== About this task ==
Copy the lines running from the one that contains "Storage shed with" to the end of the entries below, exactly and with no pictures.

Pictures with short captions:

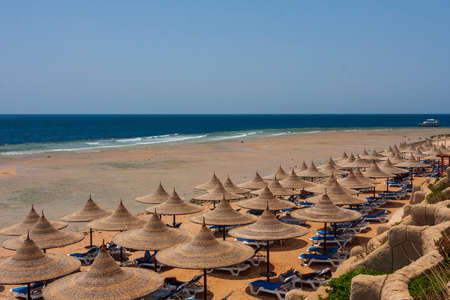View of the sandy beach on which there are natural umbrellas, sunbeds. In the background is the sea and pontoons to enter the sea. Send backの写真素材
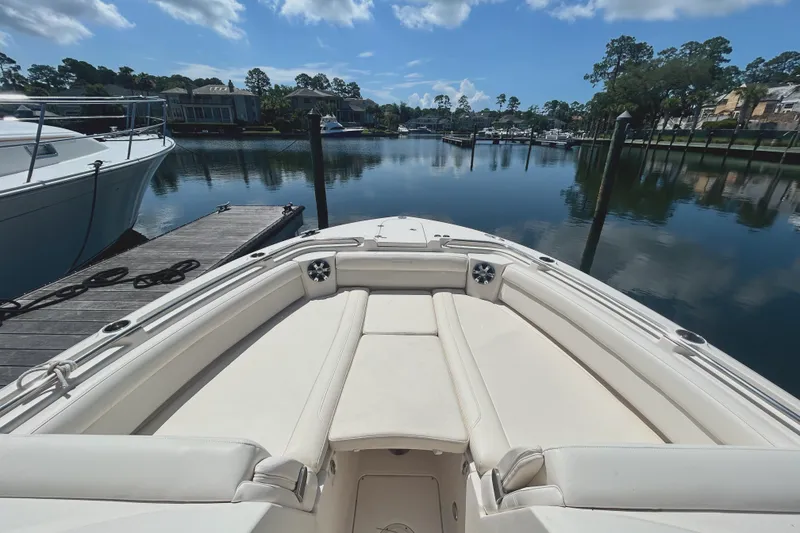 Slide: The Image of 2018 Grady-White Freedom 325 boat docked in a serene marina setting. - 4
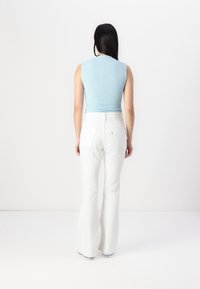 Woman with long dark hair wearing a sleeveless light blue top, white flared pants, and white sneakers, standing facing a white background.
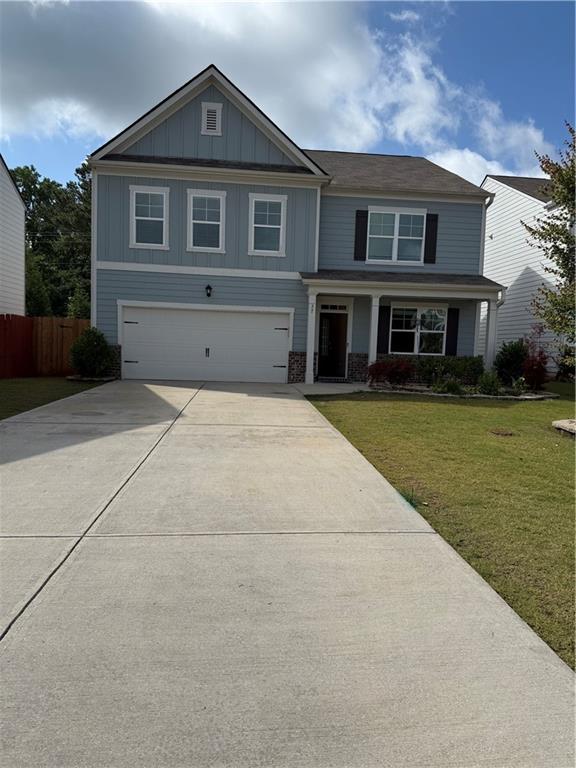 Nice home with bedroom on main. Located on cult-de-sac, few minutes walk to swimming pool, clubhouse, tennis courts, and playground. Minutes from GA 400 and Highway 53. Community is right by the North Georgia Premium Outlets and Lake Lanier. Easy drive to Cumming and Dahlonega. Highly sought after, Hanover plan home. Kitchen features stone gray cabinets, granite countertops, and pantry. Kitchen overlooks family room with corner black slate tile fireplace. RevWood flooring throughout most of main level. Upstairs loft. Spacious primary suite with garden tub and walk in shower. Home warranty negotiable.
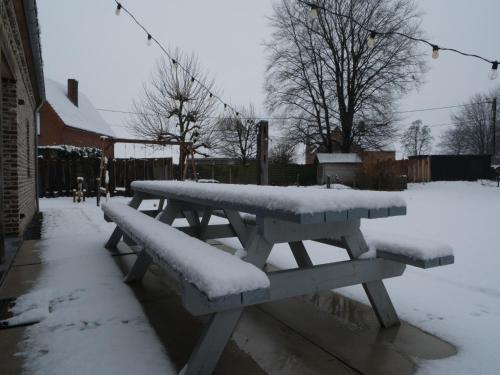 a picnic table covered in snow in a yard at Bocholt Family Home, Bocholt in Bocholt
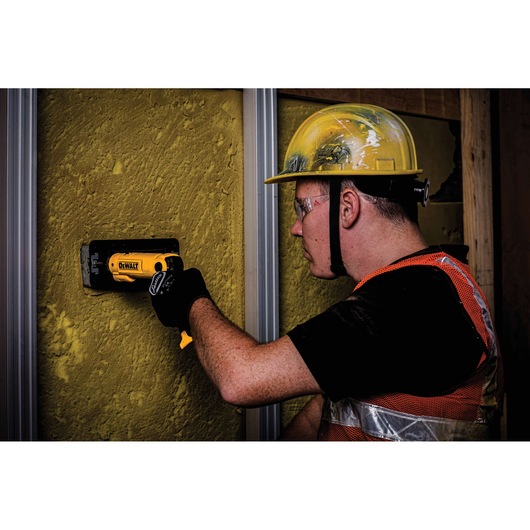 A worker wearing a yellow hard hat, orange safety vest, and black gloves uses a DEWALT DCF008 tool to install or prepare a section in a yellow textured wall on a construction site. The worker's face is blurred for privacy.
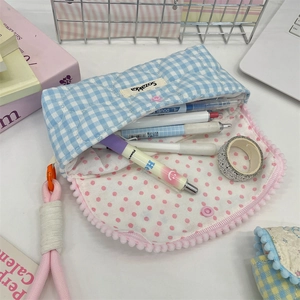 Detail of blue checkered quilted pencil case with pink pom-poms and snap button closure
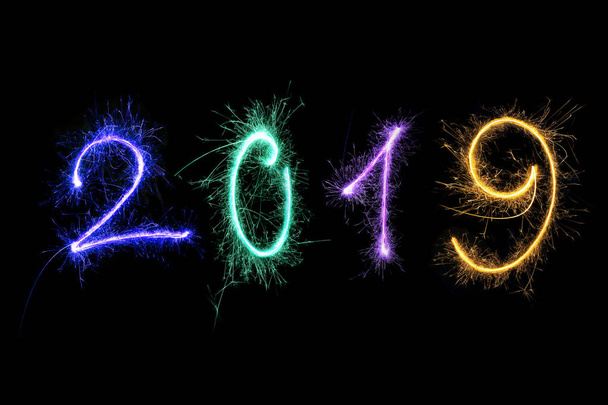 Ευτυχισμένο το νέο έτος 2019 φτιαγμένο από πολύχρωμα πυροτεχνήματα που απομονώνονται σε μαύρο φόντο.  - Φωτογραφία, εικόνα
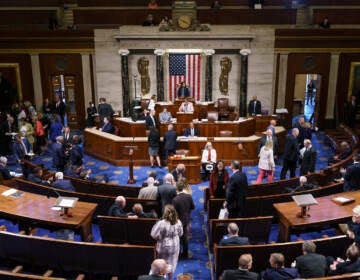 FILE - Members of the House of Representatives gather in the chamber to vote on creation of a select committee to investigate the Jan. 6 Capitol insurrection, at the Capitol in Washington, on June 30, 2021. (AP Photo/J. Scott Applewhite, File)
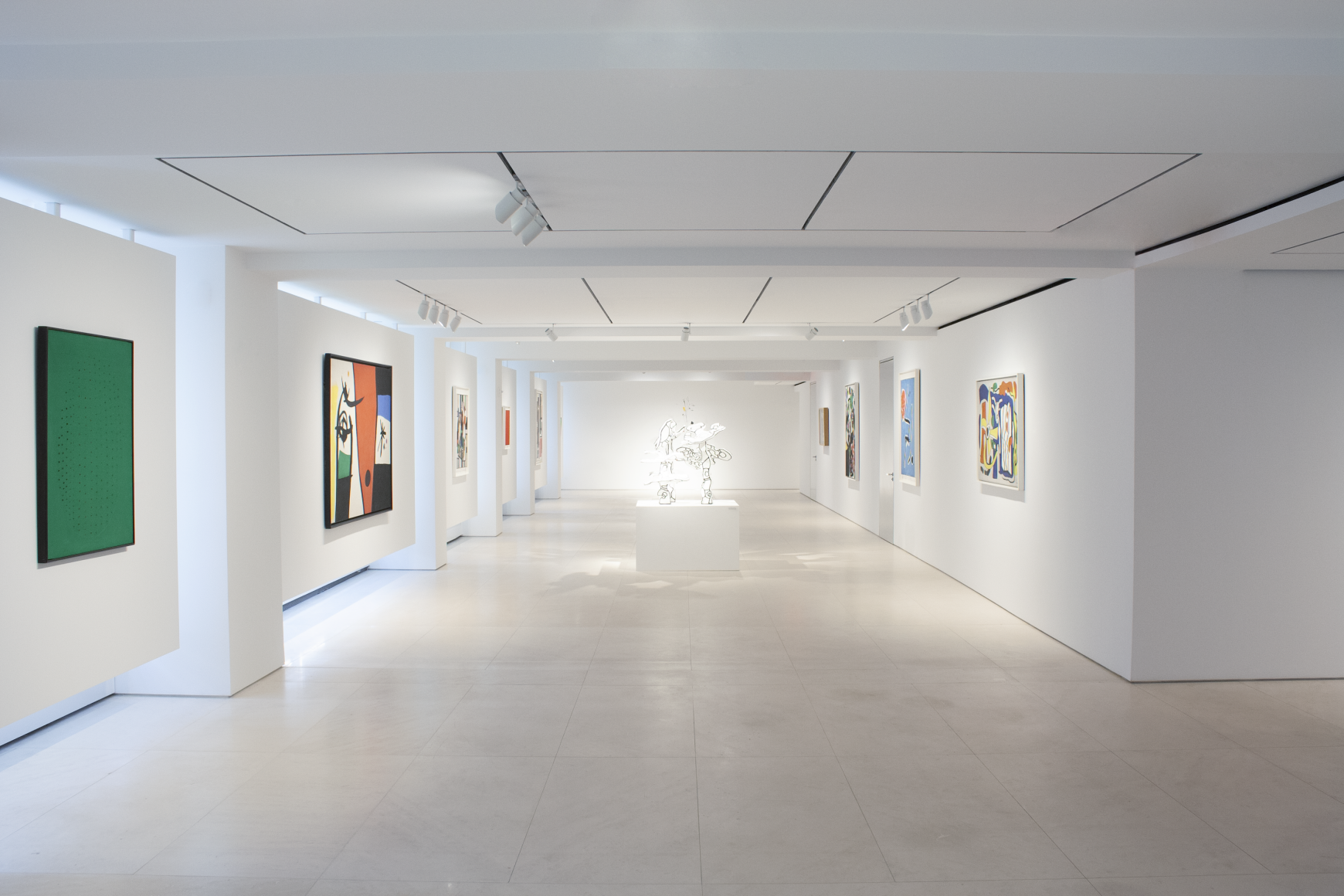 This is a general view of the main gallery on the second floor, which features from afar five paintings on the left wall and four painting on the right wall. There is a sculpture by Jean Dubuffet featured in the center of the gallery.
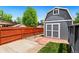 Storage shed with double doors, concrete pad, and privacy fence at 7350 Devinney Ct, Arvada, CO 80005
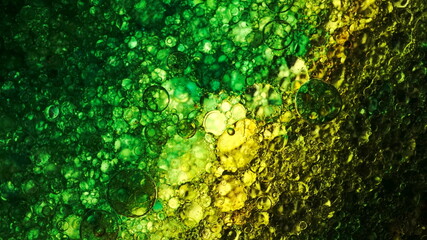 Colorful oil bubbles with tablet backlight
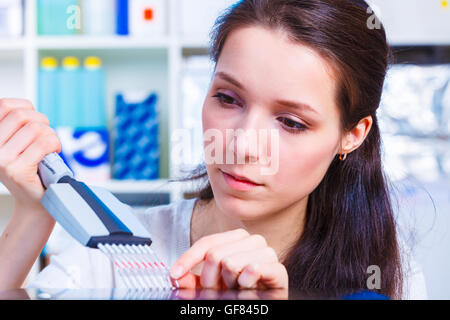 medizinische oder wissenschaftliche Forscher oder Arzt arbeitet mit einer Pipette, biologischen Proben und ein gut Tablett in einem Labor Stockfoto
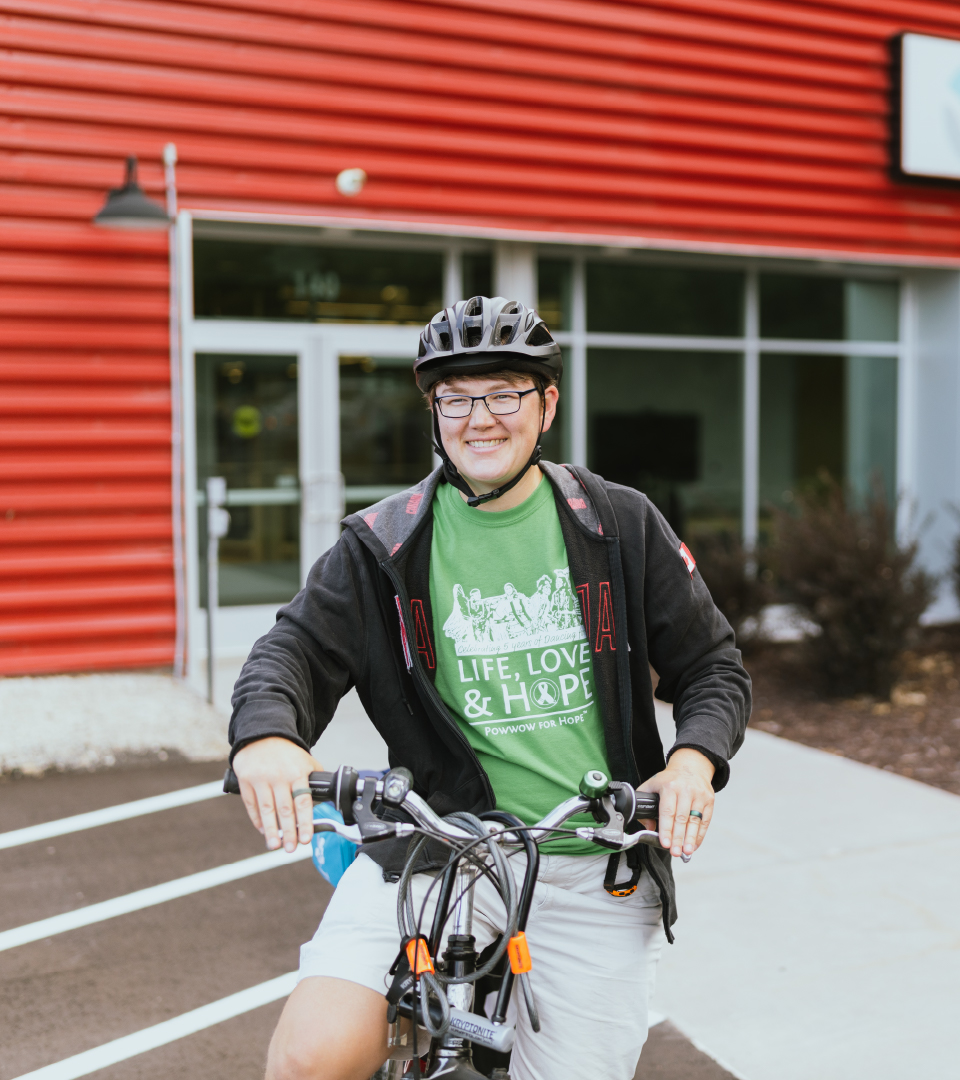 A photo of student on a bike.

== Solution to this task ==
 Storage shed with double doors, concrete pad, and privacy fence at 7350 Devinney Ct, Arvada, CO 80005
 Colorful oil bubbles with tablet backlight
 medizinische oder wissenschaftliche Forscher oder Arzt arbeitet mit einer Pipette, biologischen Proben und ein gut Tablett in einem Labor Stockfoto
 A photo of student on a bike.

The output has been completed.